SOURCE DATA |

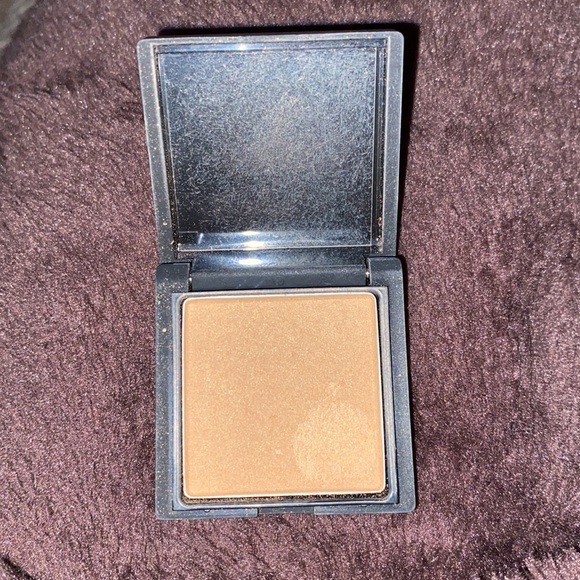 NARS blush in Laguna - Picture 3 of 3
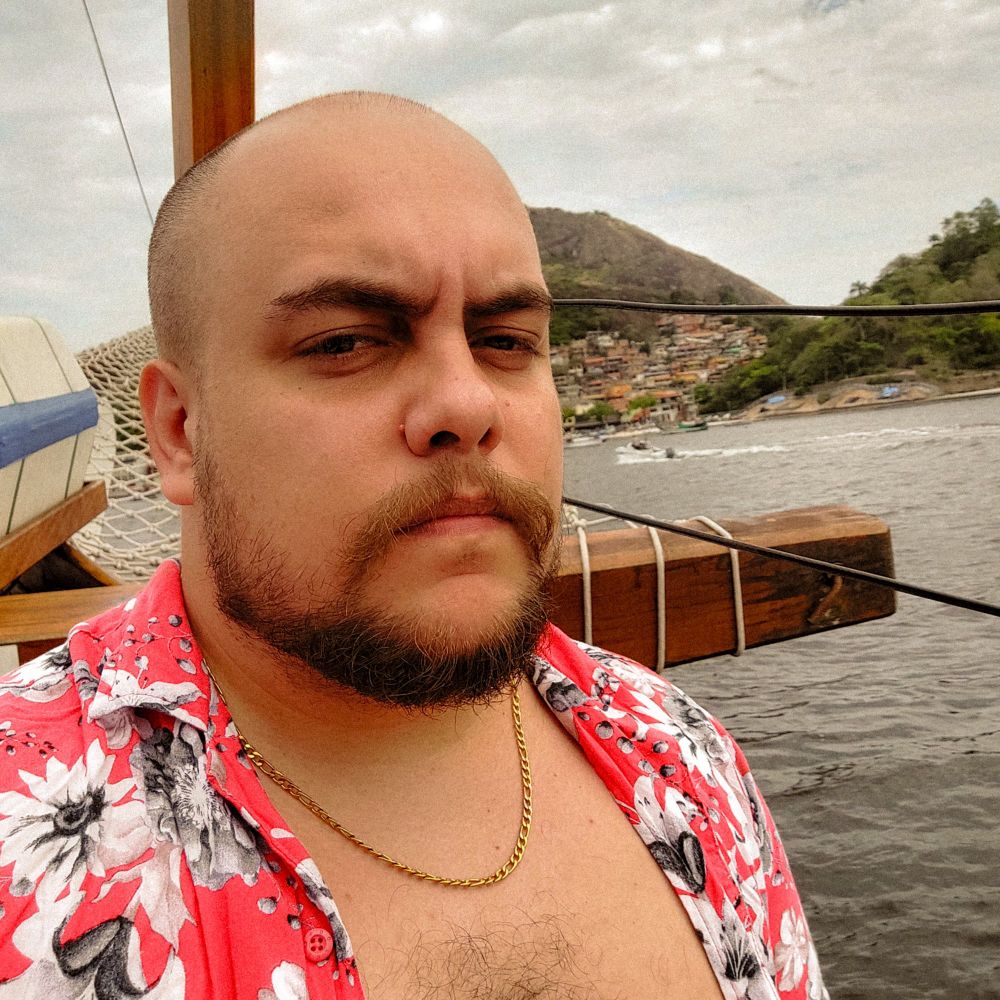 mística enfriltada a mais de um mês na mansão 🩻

--

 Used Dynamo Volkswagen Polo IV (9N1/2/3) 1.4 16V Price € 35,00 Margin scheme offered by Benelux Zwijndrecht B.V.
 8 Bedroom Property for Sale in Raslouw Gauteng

...

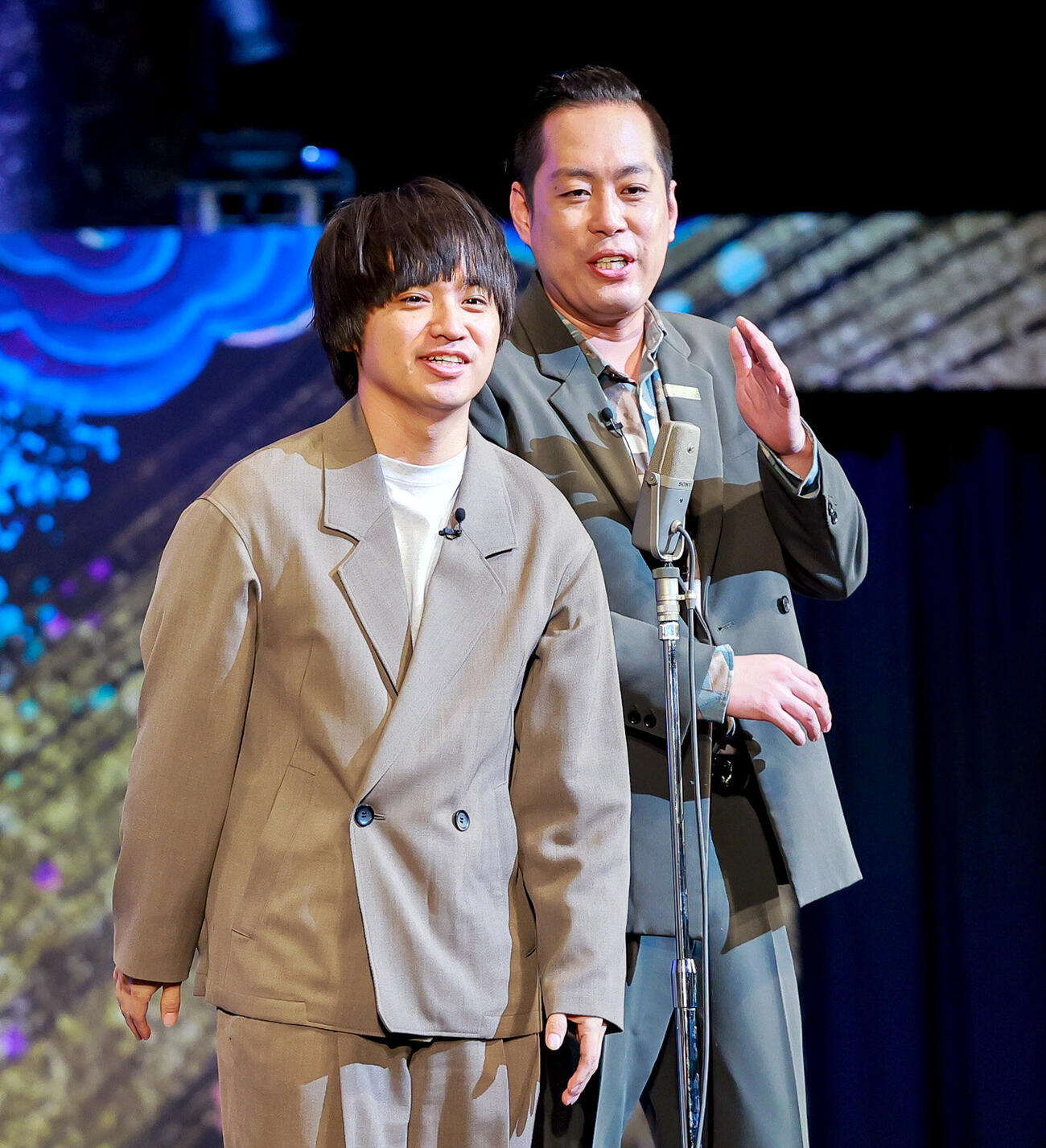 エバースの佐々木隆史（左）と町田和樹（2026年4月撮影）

TASK STATEMENT |
Give again, exactly as written above, every line from the one holding "NARS blush in Laguna - Picture 3 of 3" to the one holding "mística enfriltada a", with both ends kept and the pictures left out.

EXERCISE SOLUTION |
 NARS blush in Laguna - Picture 3 of 3
 mística enfriltada a mais de um mês na mansão 🩻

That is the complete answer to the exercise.